In the last article of this series, “Education Reform”, the different issues concerning education in America was looked at and some of the changes currently being made were focused on. Please take the time to read over the previous article. Is education a priority in America?

In the United States, nearly 6.2 million students dropped out of high school in 2007, according to a report by the center for Labor Market Studies at Northeastern University in Boston, Massachusetts and the Alternative Schools Network in Chicago, Illinois. Why?

Students across the nation drop out for different reasons. In some areas there is gang violence, racial issues or drugs. Other students lose interest due to poor grades, lack of incentive, situations at home, lack of teacher involvement or the loss of ambition and many times due to outside influence.

Many people believe the students dropping out are low achievers but actually quite often, they were receiving high tests scores and just felt unmotivated and uninspired. These dropouts could have been avoided by more challenging work and more relevant studies as well as more positive influences.

Of course, there are those that drop out due to failing grades but even then, the question is who is failing who?

The fact is education is a necessity for a productive and successful life. This must be a priority for everyone including children, parents, government and community.

It is a must for everyone to work together from the time each child begins their school years till they complete their schooling. A parent’s involvement not only helps to keep their student motivated but also helps enforce what goes on at school. Understanding what the school expects and what homework assignments are being sent home helps keep the student more on track and allows the teacher and school administration the ability to communicate any concerns or feedback to the parents or guardians. Communication is a key element and allows even more possibility for the student’s potential to become that much more attainable.

In a student’s high school years, many freedoms come their way with more activities, a different type of high school schedule and many students will start driving and possibly working a part-time or even full-time job.

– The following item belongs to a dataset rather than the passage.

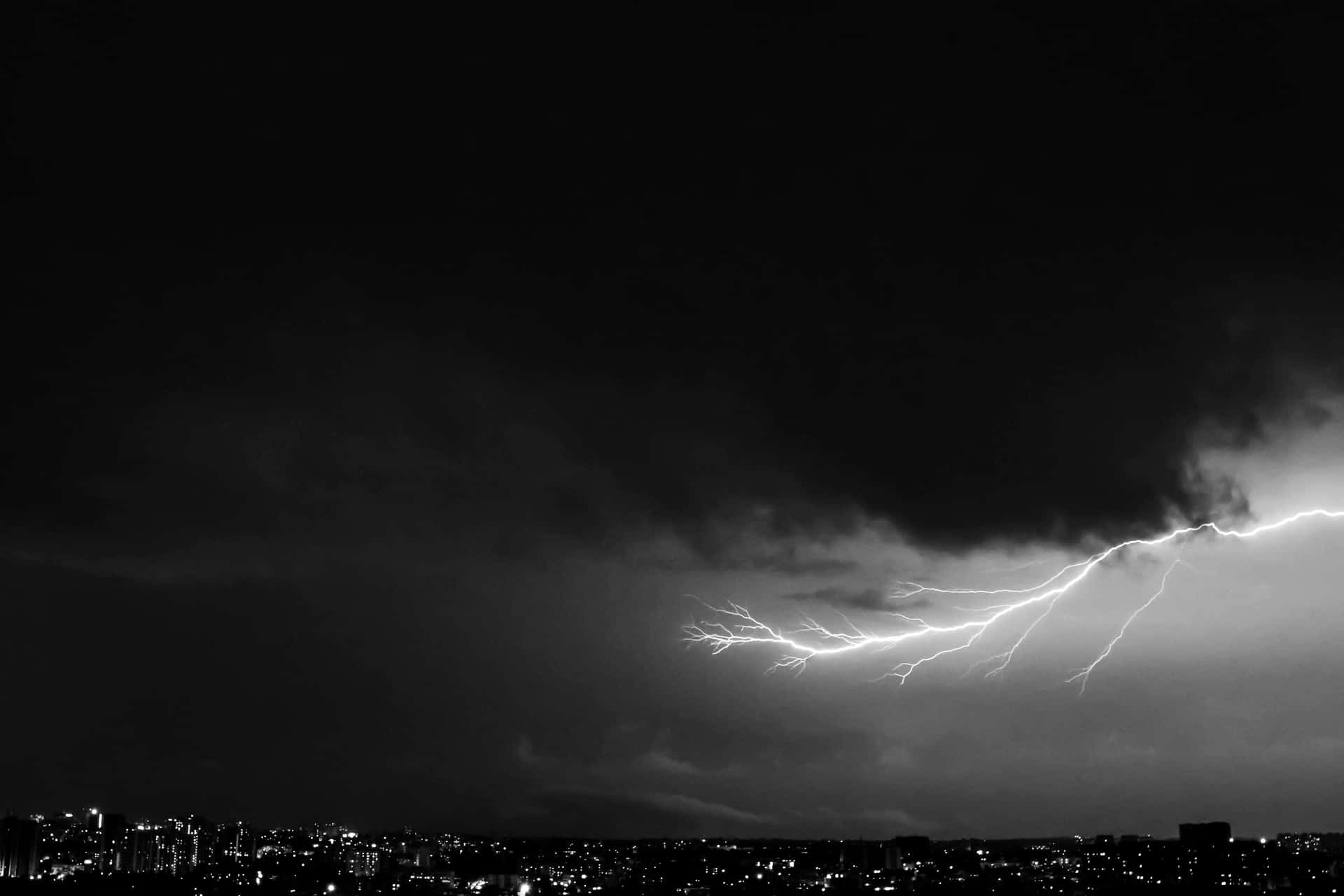 Tempête Sombre Fond d'écran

However, it is during this time many students find their education and goals starting to collide or become unclear. Teachers don’t always have the time to personally interact with their students and in larger schools especially, a student can feel more in the background and unsure of what their future holds.

With less personal interaction from teachers, and parents becoming less involved due to their child seeming more independent now being in high school, grades and goals can begin to diminish. It is during this time when students need more interaction and help with setting up their plans and keeping up with their grades, school attendance and graduation requirements.

What about the United States standard graduation requirements? Over time, the U.S. has dropped in education throughout the world. Not only should our students meet the graduation requirements but our students should be able to face the world, head on.

In order to do this, we as a nation need to make education a top priority. Our students need to not only learn the basic requirements to graduate but also how to face a situation, think and resolve, form ideas and opinions and learn about the world and its people around them. Our students need to be inspired to excel in all they do and go beyond what is expected because they want to exceed in the world. The tools need to be there for them to live up to their full potential.

For students to achieve in school and regain our standing in the world, this needs to be a national priority. With voting coming up, let your candidates know where you stand. Let them know this is a top priority. Let your school know this is a priority and you plan to be involved starting this year. Education in America must return to a top priority for the sake of all students and the future.